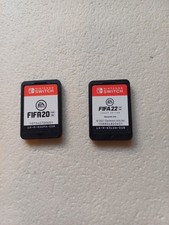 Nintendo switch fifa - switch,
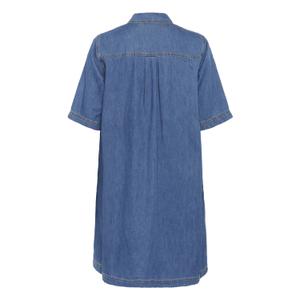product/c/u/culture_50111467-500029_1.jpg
◇ ◇ ◇ ◇ ◇
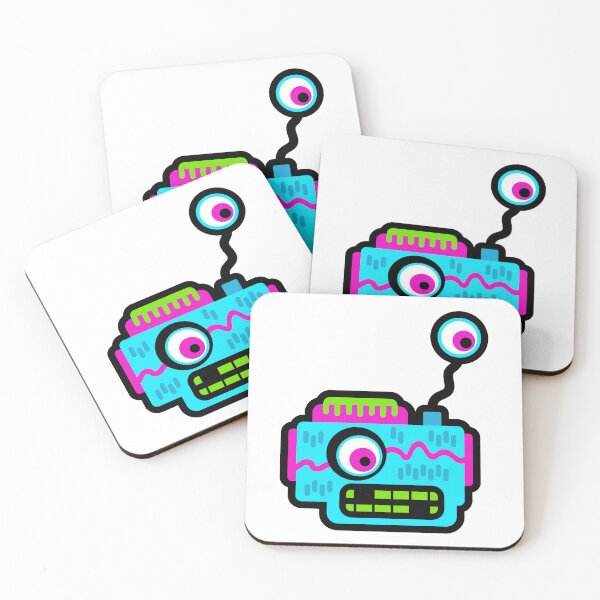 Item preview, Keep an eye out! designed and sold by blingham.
◇ ◇ ◇ ◇ ◇
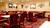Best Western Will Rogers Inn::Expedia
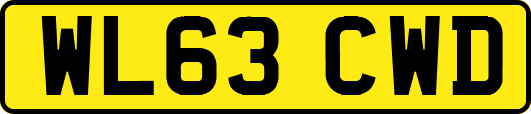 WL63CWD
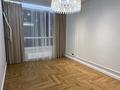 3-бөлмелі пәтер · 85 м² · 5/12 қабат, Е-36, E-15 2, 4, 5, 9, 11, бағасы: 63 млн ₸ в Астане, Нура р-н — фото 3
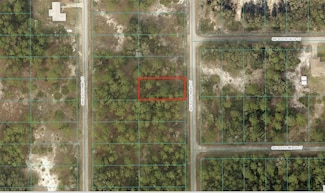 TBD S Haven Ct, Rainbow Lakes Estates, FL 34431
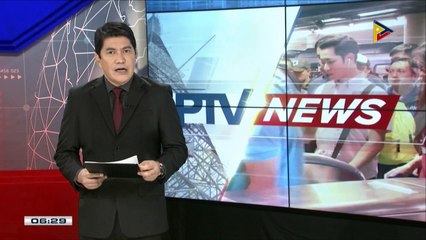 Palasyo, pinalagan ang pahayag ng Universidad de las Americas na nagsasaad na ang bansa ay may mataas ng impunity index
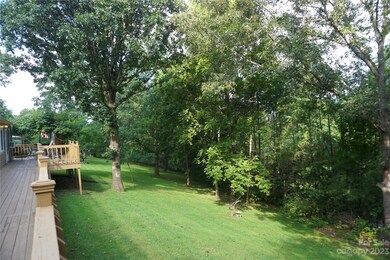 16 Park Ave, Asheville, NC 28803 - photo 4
◇ ◇ ◇ ◇ ◇
The lines above starting at the one that holds "Palasyo, pinalagan ang" and ending at the one that holds "16 Park Ave, Asheville, NC 28803 - photo 4" are to be written out exactly, ends included, and no pictures are to be copied.

◆ Solved exercise:
 Palasyo, pinalagan ang pahayag ng Universidad de las Americas na nagsasaad na ang bansa ay may mataas ng impunity index
 16 Park Ave, Asheville, NC 28803 - photo 4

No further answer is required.